__DATA RECORDS__.
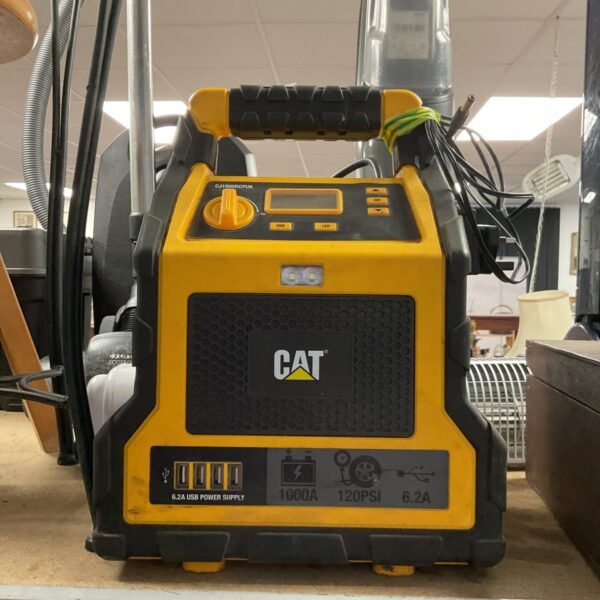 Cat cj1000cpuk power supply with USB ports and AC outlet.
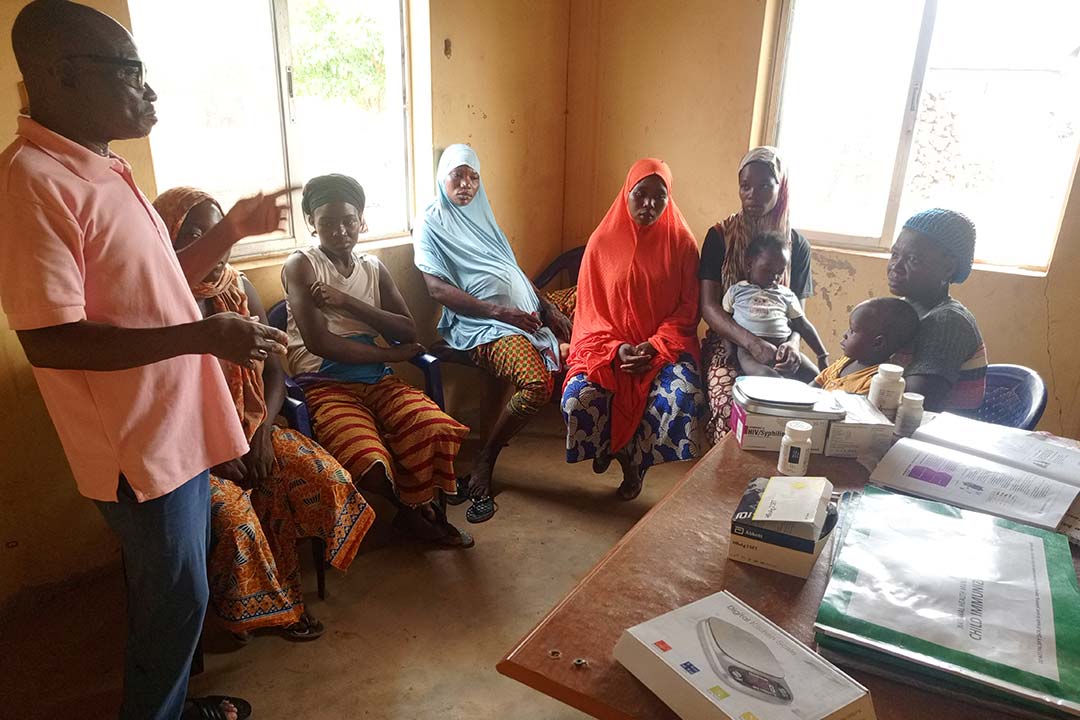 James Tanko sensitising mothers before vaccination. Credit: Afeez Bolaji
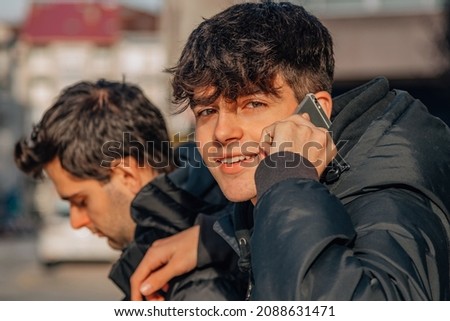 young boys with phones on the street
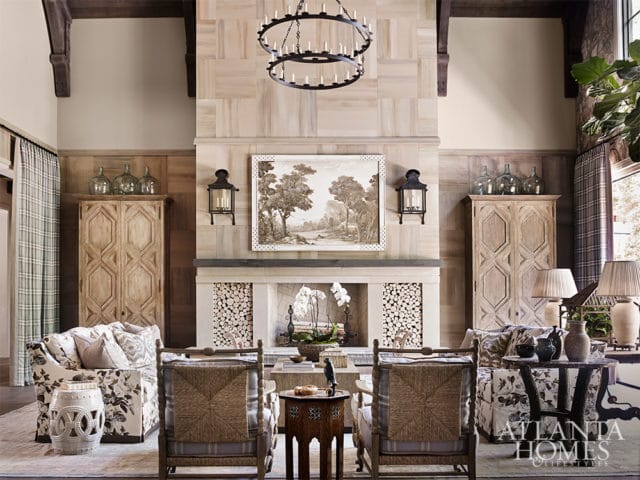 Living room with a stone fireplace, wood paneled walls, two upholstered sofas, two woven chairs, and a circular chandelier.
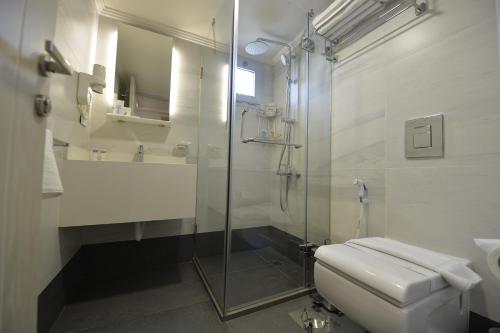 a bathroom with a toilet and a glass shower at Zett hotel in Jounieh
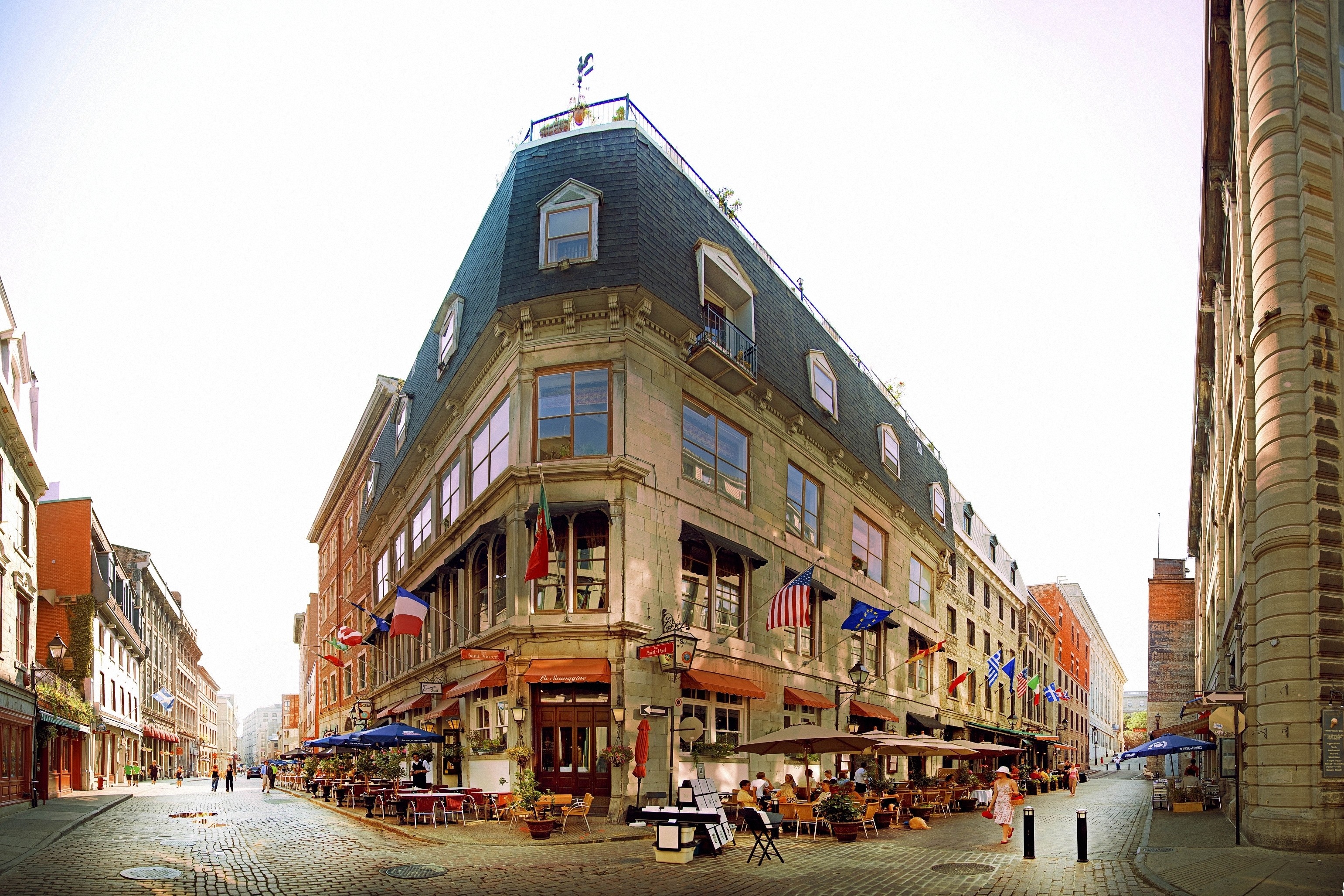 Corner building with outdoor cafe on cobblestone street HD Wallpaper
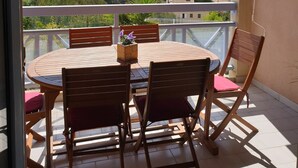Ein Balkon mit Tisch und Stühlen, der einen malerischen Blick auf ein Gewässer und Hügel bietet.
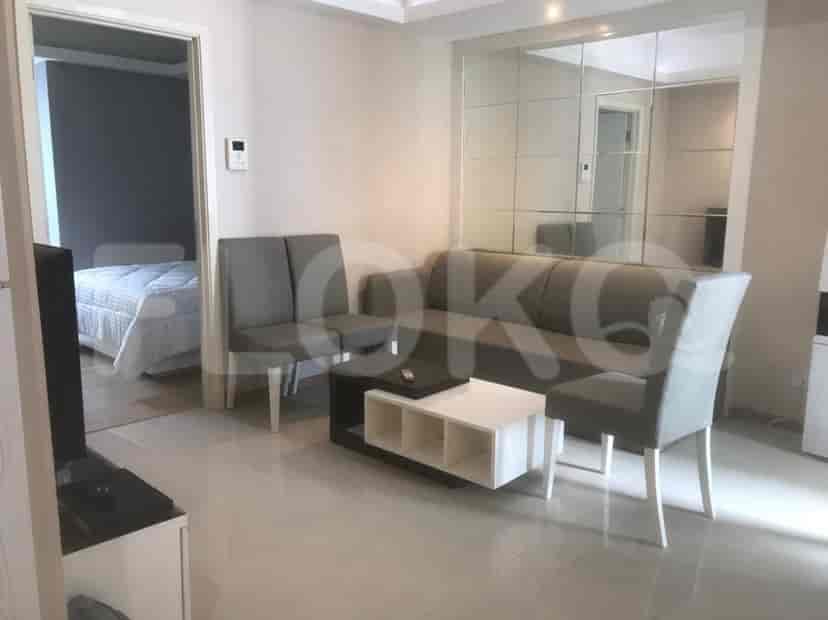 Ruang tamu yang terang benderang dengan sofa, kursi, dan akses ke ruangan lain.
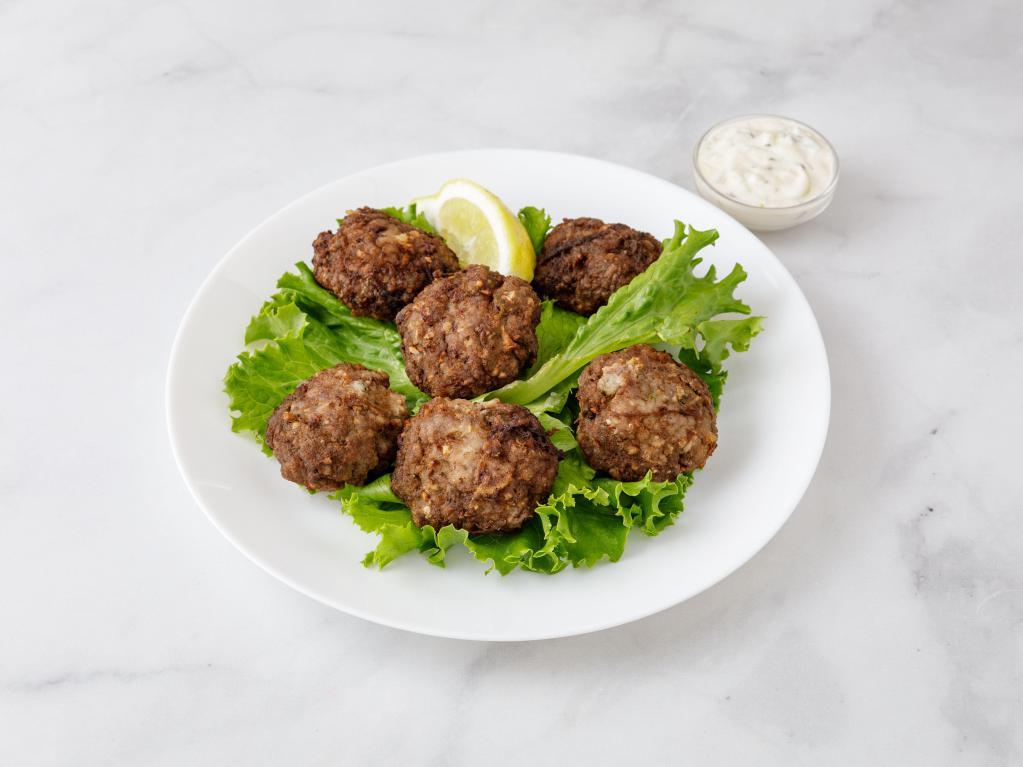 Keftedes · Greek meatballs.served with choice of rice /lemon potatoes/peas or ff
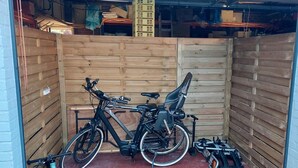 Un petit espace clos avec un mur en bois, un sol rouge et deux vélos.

__GOAL OF THE EXERCISE__.
Each record has to be set down verbatim, and the pictures must not appear in the copy.

__SOLUTION TO THE EXERCISE__.
 Cat cj1000cpuk power supply with USB ports and AC outlet.
 James Tanko sensitising mothers before vaccination. Credit: Afeez Bolaji
 young boys with phones on the street
 Living room with a stone fireplace, wood paneled walls, two upholstered sofas, two woven chairs, and a circular chandelier.
 a bathroom with a toilet and a glass shower at Zett hotel in Jounieh
 Corner building with outdoor cafe on cobblestone street HD Wallpaper
Ein Balkon mit Tisch und Stühlen, der einen malerischen Blick auf ein Gewässer und Hügel bietet.
 Ruang tamu yang terang benderang dengan sofa, kursi, dan akses ke ruangan lain.
 Keftedes · Greek meatballs.served with choice of rice /lemon potatoes/peas or ff
 Un petit espace clos avec un mur en bois, un sol rouge et deux vélos.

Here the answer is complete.